Copy all records exactly; omit pictures.

[Image-caption web data]
*** Block opens ***
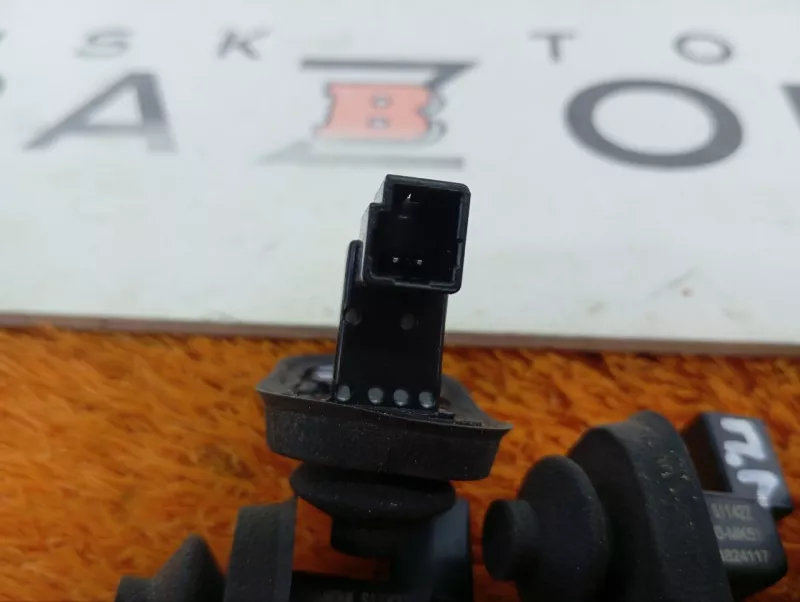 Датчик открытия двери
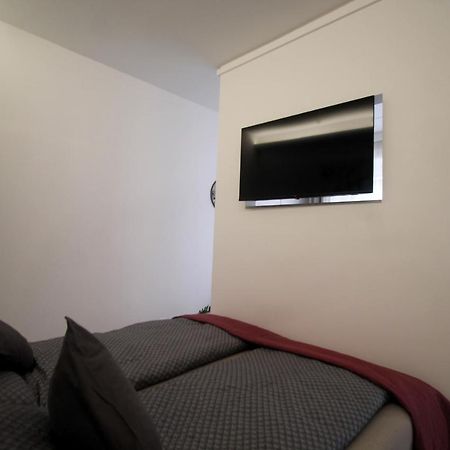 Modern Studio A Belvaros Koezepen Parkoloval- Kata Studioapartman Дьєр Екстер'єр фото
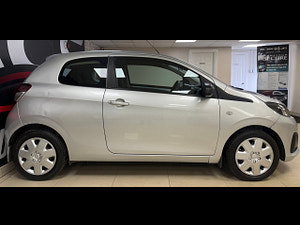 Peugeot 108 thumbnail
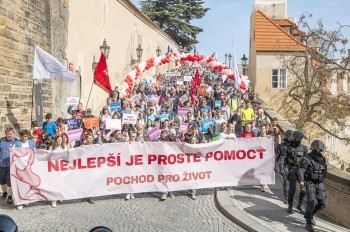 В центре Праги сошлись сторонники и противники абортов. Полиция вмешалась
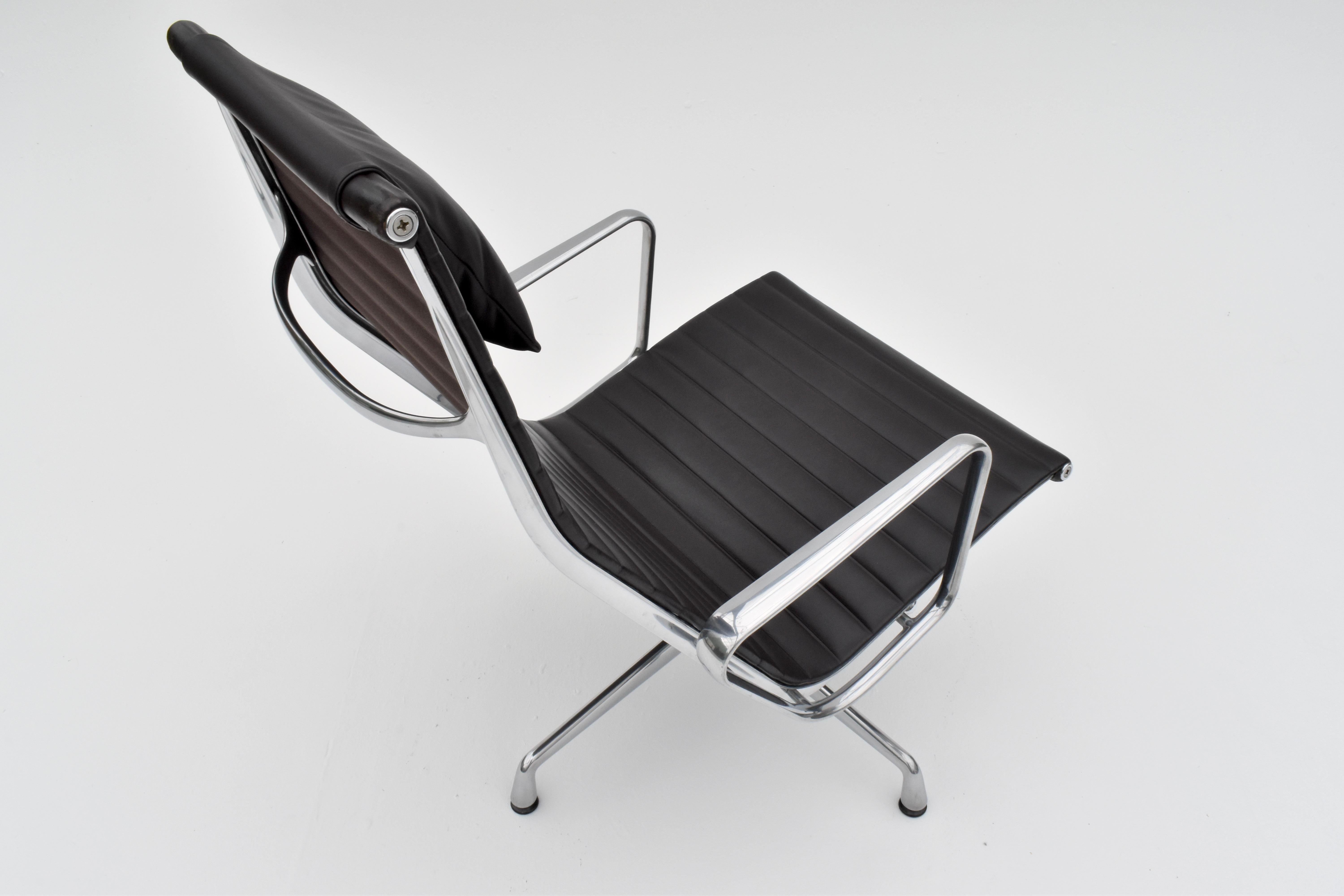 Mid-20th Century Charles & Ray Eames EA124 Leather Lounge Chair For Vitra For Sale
*** Block closes ***
> Your response
 Датчик открытия двери
 Modern Studio A Belvaros Koezepen Parkoloval- Kata Studioapartman Дьєр Екстер'єр фото
 Peugeot 108 thumbnail
 В центре Праги сошлись сторонники и противники абортов. Полиция вмешалась
 Mid-20th Century Charles & Ray Eames EA124 Leather Lounge Chair For Vitra For Sale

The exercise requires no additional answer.